Q5 1年前の過去に戻るか1年後の未来に行くかを選べるとしたら、どっち?

どっちもおなじだとおもうんです。どっちをえらんでも。というか今ここにいることはたえずその過去と未来の「どっちも」を選んでることだとおもうんですよ。

さいきんおもったのは、過去にどんなことをしても、未来がどんどん答え合わせをしてくれる、だから過去でも未来でもどっちでもよくて、大事なことは、どんなことをしてもつづけていくことなんだっておもったんですよね。小学生のころよく先生が目の前で赤えんぴつで採点してくれるの待ってましたよね。どきどきしながら。ちょっとそれに似てるんです。過去と未来が混ざったかんじ。注射の列でならんでまっている。名前がや行だからいちばんうしろのほうなんです。刺されているひとの腕と顔をちらちらうしろからみている。おしっこがまんしながら。過去と未来を混ざらせながら。

小説家のレイモンド・カーヴァーが表現のこつはただひとつ、なんとしても生き延びることだ、と言っていたんですが、それってたぶん過去に対して未来が答え合わせをしてくれるからなんだろうなあともおもうんです。でもそれは同時に過去が未来に対して答えるときでもあるとおもうんですよ。過去と未来のスープみたいにみえるんです、いまは、時間が。今、そうおもう。


Q6 どういうわけか「飼われる」ことになりました。誰に飼われるのがいいですか? a プーチン大統領 b 火星人 c 次にすれ違う女子高生

むかし、あなたは植物みたいに生きたらいいよ、って言われたことがあったんです。ぜんぶするから、って。そのとき、いっしゅん、わたしも魔がさしたというか、そうだね、それもいいね、っておもったんです。植物みたいにもう生きていこうかなあ、なにもかんがえずに、って。

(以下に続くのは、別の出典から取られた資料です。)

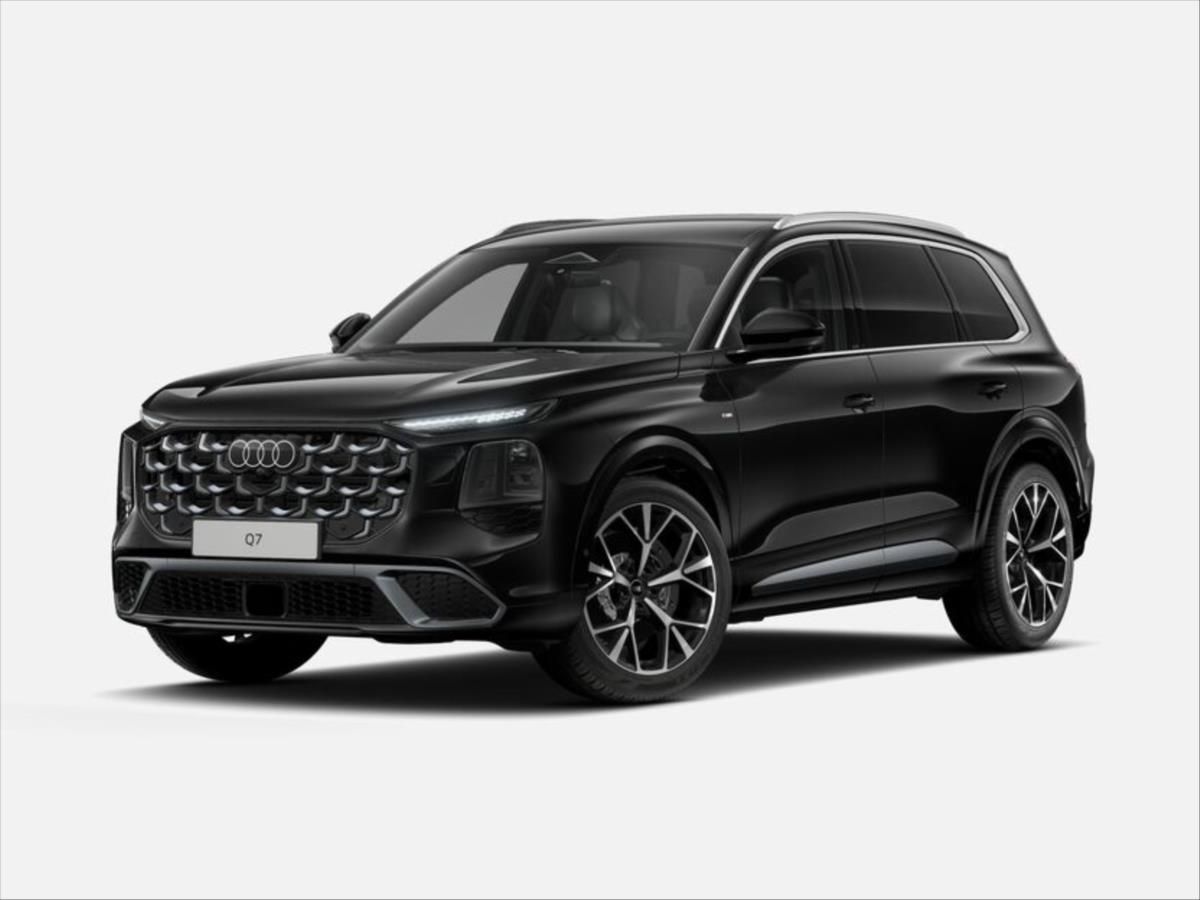 Audi Q7, 3,0   quattro TDI 220 kW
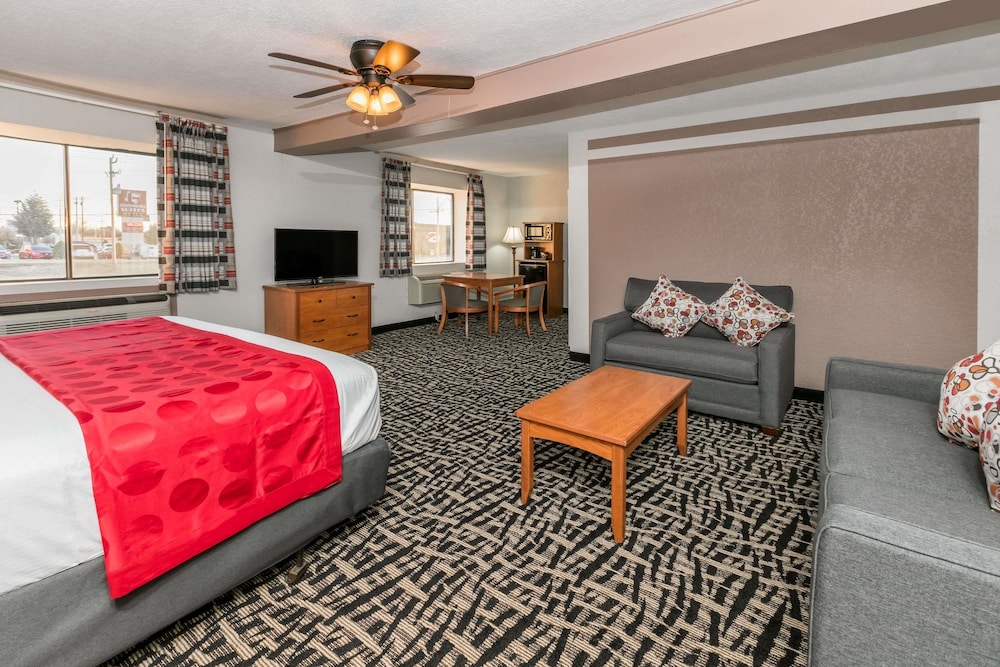 Ramada By Wyndham Oklahoma City Airport North 21/32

でも、ふっと、いや、やっぱ、だめだ、植物みたいにして生きてくのはだめだ、ちょっと醜く、ときどきはふとって、ねこんで、でもバーベルとか持ち上げたり、度付き水中眼鏡をかけて泳いだりもして、まよったり、なやんだり、こまったり、無能だとおもいながら、くらくらしながらいきていこうとおもって。フルカラーで。

でもやっぱ植物みたいに生きたらよかったかなあといまもおもうことがあるんです。そんなこといってくれるなんて宇宙的だし(b 火星人)。

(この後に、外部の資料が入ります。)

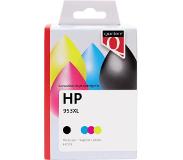 Quantore Inktcartridge Quantore alternatief tbv HP 3HZ52AE 953XL zwart 3 kleuren HC
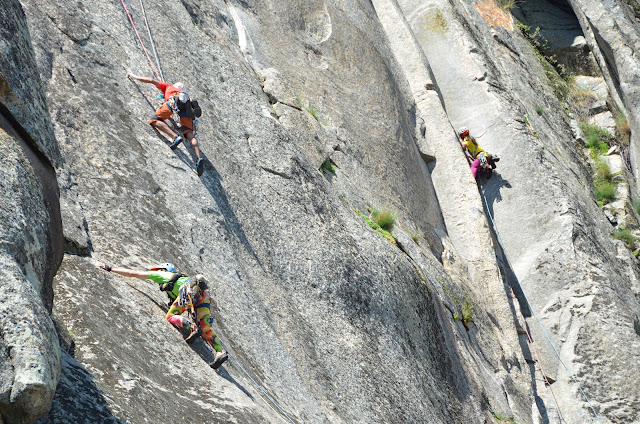X RALLY 12H. ESCALADA DE LA CABRERA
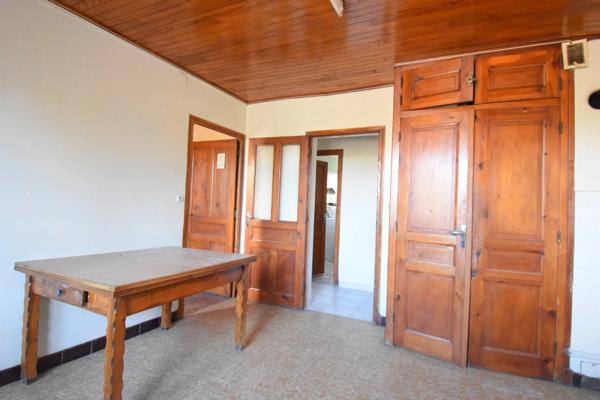 Maison à vendre 6 pièces SAINT AGREVE (07)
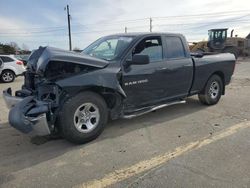 Salvage trucks for sale at Nampa, ID auction: 2011 Dodge RAM 1500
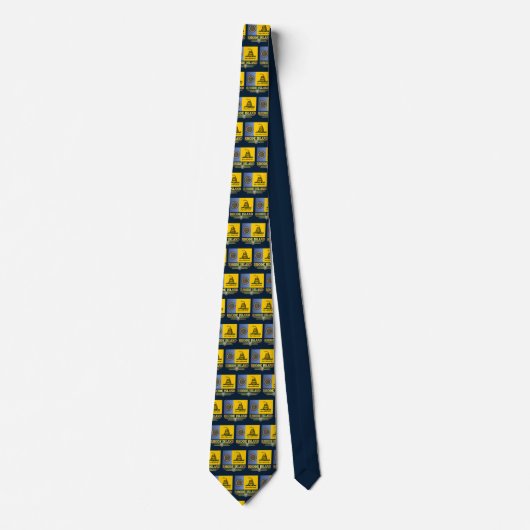 Cravate Rhode Island (DTOM) (Devant)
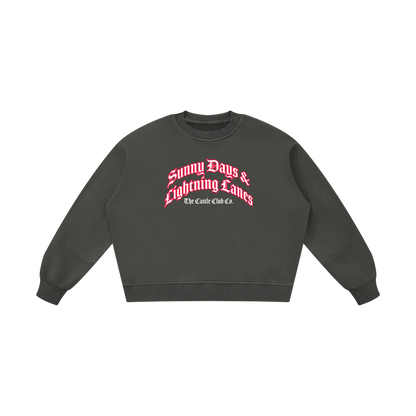 Sunny Days Sweater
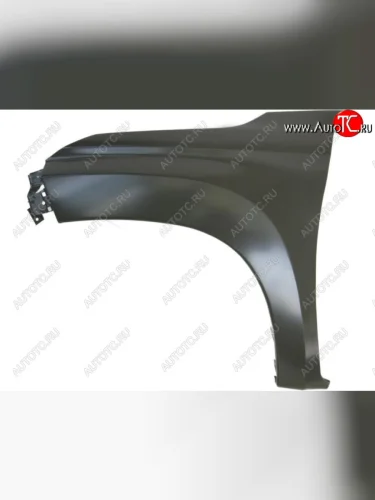 Левое крыло переднее BodyParts Mitsubishi L200 5 KK,KL рестайлинг (2018-2022)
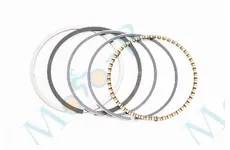 Кільця поршневі GY6-80 cc 47мм +0,50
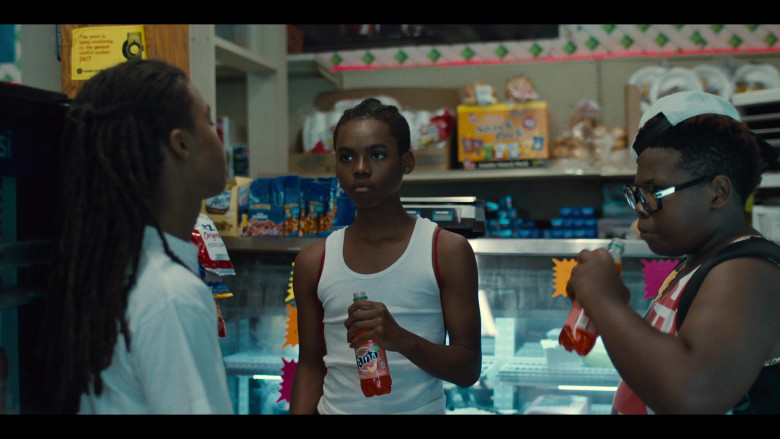 Fanta Soda of Jahi Di'Allo Winston as Mouse in Charm City Kings (2020)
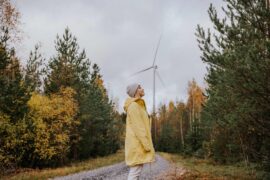 Fortum ansöker om tillstånd för vindkraftpark Thumbnail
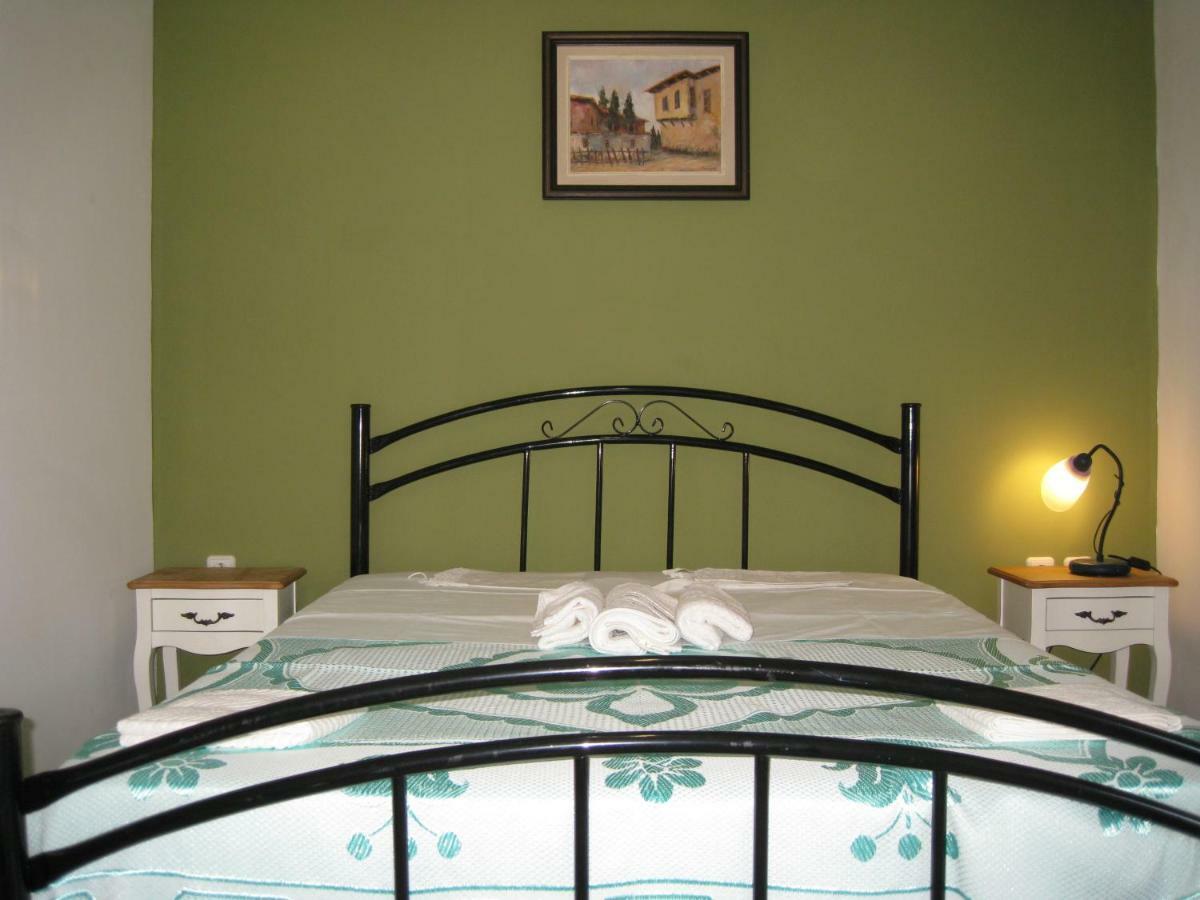 Villa Agnanti Apts And Suites Agio Pnevma المظهر الخارجي الصورة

でもまだじぶんにはなんとなくもうすこし泥臭くやっていきたいというへんな汚い光があった。だから、飼われなかった。でもやっぱり植物みたいにいきるのもよかったよなあとおもったりすることなんかもときどきあるんです。めをつむってあたまあらってるときなんかに。

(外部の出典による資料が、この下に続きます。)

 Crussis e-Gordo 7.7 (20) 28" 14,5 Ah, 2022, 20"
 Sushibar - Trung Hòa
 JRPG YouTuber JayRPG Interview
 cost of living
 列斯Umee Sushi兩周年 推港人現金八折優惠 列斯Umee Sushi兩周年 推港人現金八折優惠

Q7 このところ句集の栞文や解説をよく書かれています。執筆の際に心がけていることは?

そのひとのまわりにたえず吹いてる風みたいなものがありますよね。なんかこんなかんじの風が吹いてるなあとか。で、そういうのをじぶんが感じ取ったらできるだけじぶんもその風のなかで、その風に吹かれながら、そのひとのことをかんがえようとします。

毎日そのひととそのひとの風とそのひとの風のなかにいるじぶんのことをかんがえます。肉を切り分けているときも、お風呂をあらっているときも、バスのいちばんまえの席に乗っているときもそのひとのことをかんがえる。愛とかではないんです。風なんです。


Q8 好きな乗りものを教えてください。

引っ越してからバスによく乗るようになったんです。それでバスのいちばん前の席が好きなんですね。それはなんでかというと、じぶんが中腰のまま都市空間のなかを高速で平行移動しているように感じられるからですね。それは前衛なんですよ。中腰の無能なわたしが都市を高速で平行移動してるのは。スケルトン・バスならそうなるんですから。中空を中腰の中肉のわたしが高速で。その高速移動だけは、プロモーションビデオ的なんですよ。降りるとまた泣きたいくらい、つまさきまで無能なわたしなんだけれど。


Q9 一日のうちいちばん好きな時間帯は?

むかし、学校がすごく恐怖になってしまったときがあって、それで学校にいくのがこわくてしかたなくて、でも学校に行く登校時間はのばせないので、だから、学校にいくまでの時間をじぶんで殖やそうとおもったんです。アキレスと亀の理論ですよね。たとえば夜中の三時におきれば、学校にいくまでまだ五時間も自由時間がある! よかった! 登校時間はずっと先だ! ってなる。亀はずーっとむこうのほうにいるんです。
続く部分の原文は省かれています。